Bao Lin comprit soudain.
Est-ce que Jin Yao voulait son aide contre Si Yan parce que Jin Yao était la fausse Princesse Dragon et Si Yan la vraie ?
Jin Yao comptait-elle utiliser les propres griefs de Bao Lin contre Si Yan ?
L'ennemie de mon ennemie est mon amie.
Il semblait qu'une rencontre soit effectivement nécessaire.
La compétition martiale de la Réunion de Wan Cheng se déroulait toujours, et les résultats du premier jour furent annoncés.
Shi Bo du Clan du Dragon Doré ne se présenta pas. Étant un homme-bête en moins, leur équipe fut battue.
Les vainqueurs finaux furent le Domaine Illusoire et la Cité des Myriades de Bêtes.
Ce jour-là même, Bao Lin organisa en urgence une rencontre avec Jin Yao.
Jin Yao arriva avec Shi Bo, et ils se tinrent face à Bao Lin.
Bao Lin demanda, perplexe : « Pourquoi ton Mari-Bête n'a-t-il pas participé à la compétition ? Le Clan du Dragon Doré manquait un homme-bête, c'est pour ça qu'ils ont perdu contre la Cité des Myriades de Bêtes. »
Jin Yao rit. « La compétition martiale est l'affaire du Clan du Dragon Doré, pas la mienne. Shi Bo se bat seulement pour moi. »
En parlant, elle se pencha doucement contre Shi Bo, et l'Homme-Bête Dragon Doré l'enlaça tendrement.
Bao Lin fronça légèrement les sourcils. Le mâle Dragon Doré à côté de la femelle devant elle dégageait une faible odeur de pourriture.
Depuis combien de jours ne s'était-il pas lavé ?
« Assez, » dit Bao Lin avec impatience. « Tu es venue spécialement me parler de la supercherie de Si Yan. Tu dois avoir un mobile. Parle, quel est-il ? »
Jin Yao rit avec charme, son corps ondulant. « Quel mobile pourrais-je avoir ? Je n'ai pas supporté de te voir trompée par Si Yan. Je veuille sincèrement à ton intérêt, ma chère. »
Bao Lin fixa Jin Yao intensément. « Tu n'es pas sincère du tout. Tu veux m'utiliser contre Si Yan, n'est-ce pas ? »

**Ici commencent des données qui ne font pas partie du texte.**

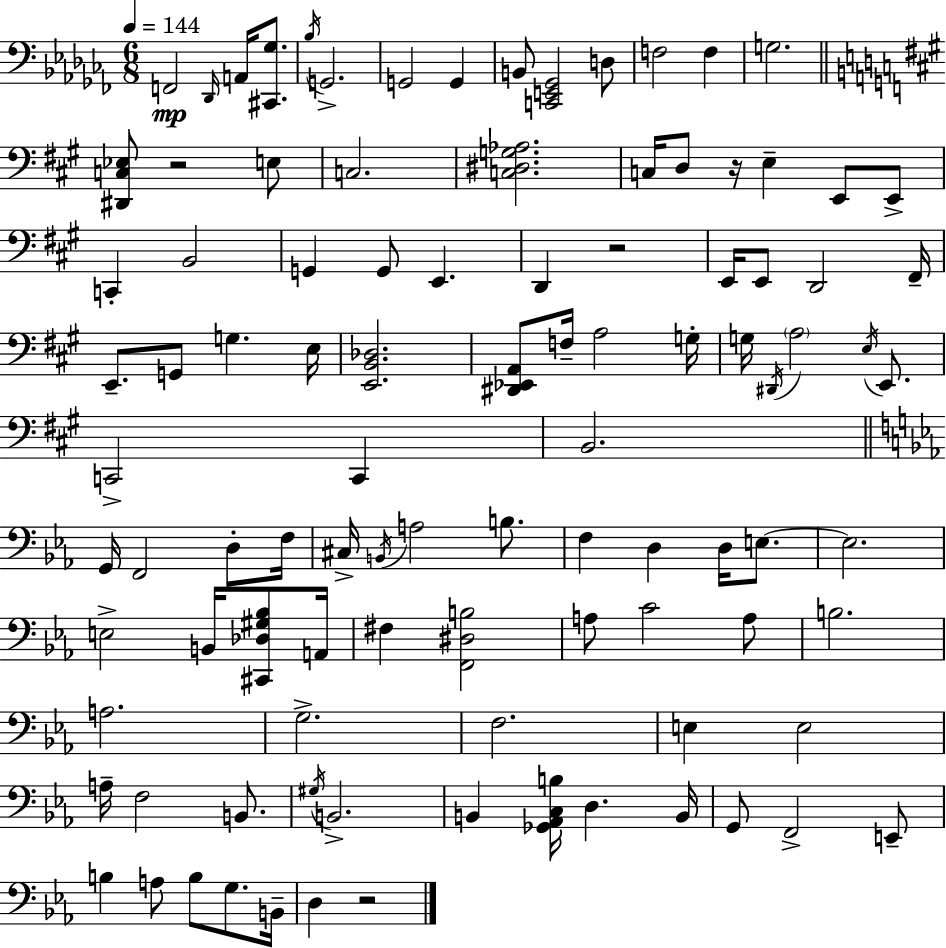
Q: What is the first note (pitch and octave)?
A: F2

« Te trompes-tu ? Maintenant qu'il est confirmé qu'elle n'est pas ma sœur, elle ne représente aucune menace pour moi. »
« Tout à la Cité des Myriades de Bêtes m'appartient. Pourquoi aurais-je besoin de m'en prendre à elle ? »

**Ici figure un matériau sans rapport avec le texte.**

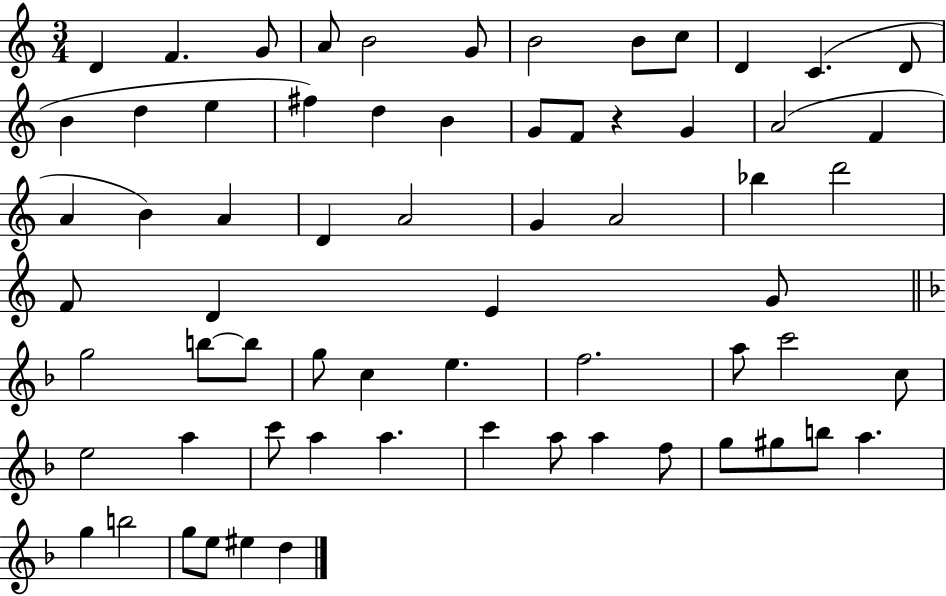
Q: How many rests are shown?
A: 1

Jin Yao dit : « Tu n'as vraiment pas de cran ! »
« Tu laisses une femelle étrangère voler ton statut, éclipser ton nom, et te mener complètement par le bout du nez, sans même oser piailler ! »
Bao Lin fut facilement provoquée. Les paroles de Jin Yao la mirent en colère. « Qui n'ose pas piailler ?! Je vais aller lui donner une leçon tout de suite ! »
C'était le jour de la finale de la compétition martiale !
Les Hommes-Bêtes de la Taverne Illusoire étaient extrêmement excités.
Les affaires habituelles de la taverne étaient négligées, la plupart des Hommes-Bêtes participant à la compétition ou la regardant à la Cité des Myriades de Bêtes.
Dans la taverne, ne restaient que Si Yan, Jin Yang et les deux œufs.
Avec personne d'autre autour, Si Yan appréciait le calme. Une fois hors du champ de vision de Jin Yang, elle retira son épais chapeau et sa cape.
Juste au moment où elle s'étirait confortablement, elle remarqua quelques « petites souris » plutôt bêtes qui rôdaient dehors.
Elle n'était pas enceinte pour l'instant, donc quiconque pensait la cibler maintenant se trompait lourdement.
Elle était de très bonne humeur, se sentant revigorée et totalement à l'aise.
C'était l'occasion idéale pour faire un tour sur la montagne, s'aérer l'esprit, et voir si elle pouvait trouver de nouveaux fruits ou légumes à cueillir.
Alors, elle quitta la taverne, feignant l'ignorance.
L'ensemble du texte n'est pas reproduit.